Governor announces 4-week statewide restrictions
Edmonds' Dr. George Diaz: 'This is absolutely the right time to take action'
Last updated 11/23/2020 at 1:38pm
Gov. Jay Inslee on Sunday, Nov. 15, announced a four-week statewide set of restrictions in response to the recent rapid spread of the COVID-19 virus in Washington and across the country.
The new restrictions come as Washington sees consistent increasing daily case counts, with over 2,000 cases a day over the weekend and average cases in the state doubling over the past two weeks.
Activities not included in the modified restrictions should follow current guidance. All K-12/higher education, child care, and courts and court-related proceedings are exempt from the new restrictions.
"This spike puts us in a more dangerous a position as we were in March," Inslee said during a news conference. "And it means, unfortunately, the time has come to reinstate restrictions on activities statewide to preserve the public's well-being and to save lives. These were very difficult decisions that have very real consequences to people's livelihoods. I recognize that and don't take those impacts lightly, but we must act now and act quickly to slow the spread of this disease."
The restrictions are statewide took effect Nov. 16, and will remain in effect until Monday, Dec. 14. The modified restrictions of restaurants took effect Wednesday, Nov. 18.
To help mitigate financial impacts on businesses and their employees, the state will commit $50 million in aid. Businesses can also apply for Paycheck Protection Plan forgivable loans from the Small Business Administration, or from their local bank.
If workers are kept in their jobs, the loans aren't required to be paid back.
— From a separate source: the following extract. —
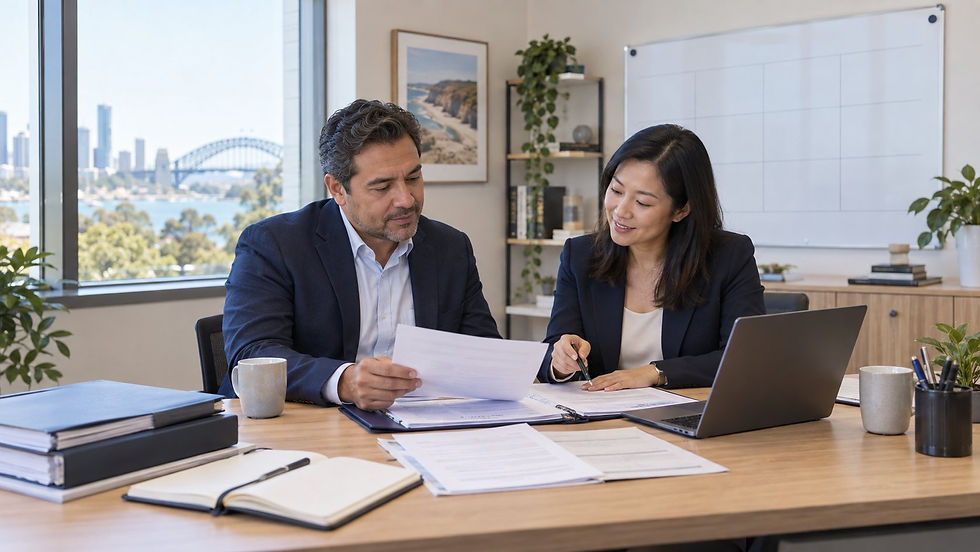 An experienced international professional comparing original career records with an adviser in a modest office with a plain unmarked planning board in Australia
"This is absolutely the right time to take action," said Dr. George Diaz, an Edmonds resident and infectious disease physician at Providence Regional Medical Center in Everett.
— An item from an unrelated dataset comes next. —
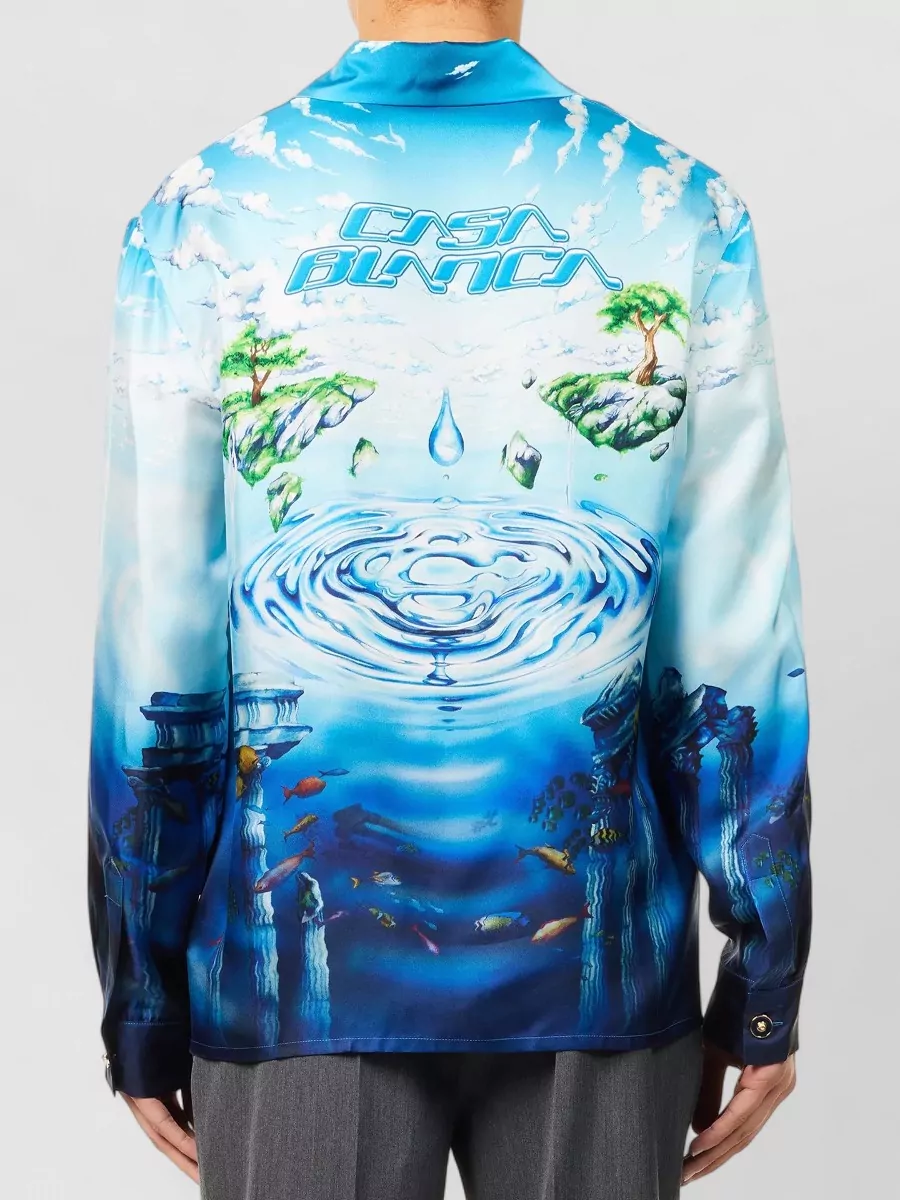 Casablanca Lost Atlantis Silk Graphic Shirt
"It will save the lives of many Washingtonians, provide relief to our most precious resources, which are our frontline health-care workers, and allow us to continue to provide the full array of medical and surgical care that our state needs."
Indoor gatherings have been one of the biggest driving factors of COVID-19 spikes in Washington and nationwide, Inslee said. Because of this, indoor gatherings with people outside the household will be prohibited unless they quarantine for the 14 days prior to the social gathering or quarantine for the seven days prior to the gathering, and receive a negative COVID-19 test result no more than 48 hours prior to the gathering. Outdoor gatherings are limited to no more than five people.
For long-term care facilities, only outdoor visits will be allowed. Indoor visits may be permitted for essential support persons or end-of-life care.
Restaurants and retail
Restaurants and bars will be closed for indoor service, with to-go services and restricted outdoor dining allowed.
In-store retail, grocery stores and personal services are limited to 25% of occupancy and must close any congregate areas.
Religious services, weddings, funerals
Religious services will be limited to 25% indoor capacity or 200 people, whichever is less, and choirs, bands or ensembles are prohibited from performing.
Wedding and funeral ceremonies can go on with limited attendance, but receptions of any size are prohibited indoors.
Entertainment and fitness
Indoor service will be closed at fitness facilities and gyms, and youth and adult amateur sporting activities are limited to outdoors only with facial coverings.
Bowling alleys, museums, zoos, aquariums, and movie theaters will be closed for indoor services.
"We understand that this is both an economic and a public health crisis. We do not take lightly the impact these restrictions will have on local businesses, many of which have already had a very difficult year. You are not alone, and we will continue to provide supports," Inslee said.
"There is light at the end of this tunnel. We will continue to fight, adapt and persevere. It may be months before we're totally out of the clear, but medical advances are putting us closer to the goal of restoring all activities eventually. For now, we have to keep everyone's interests in mind and take steps that protect all Washingtonians."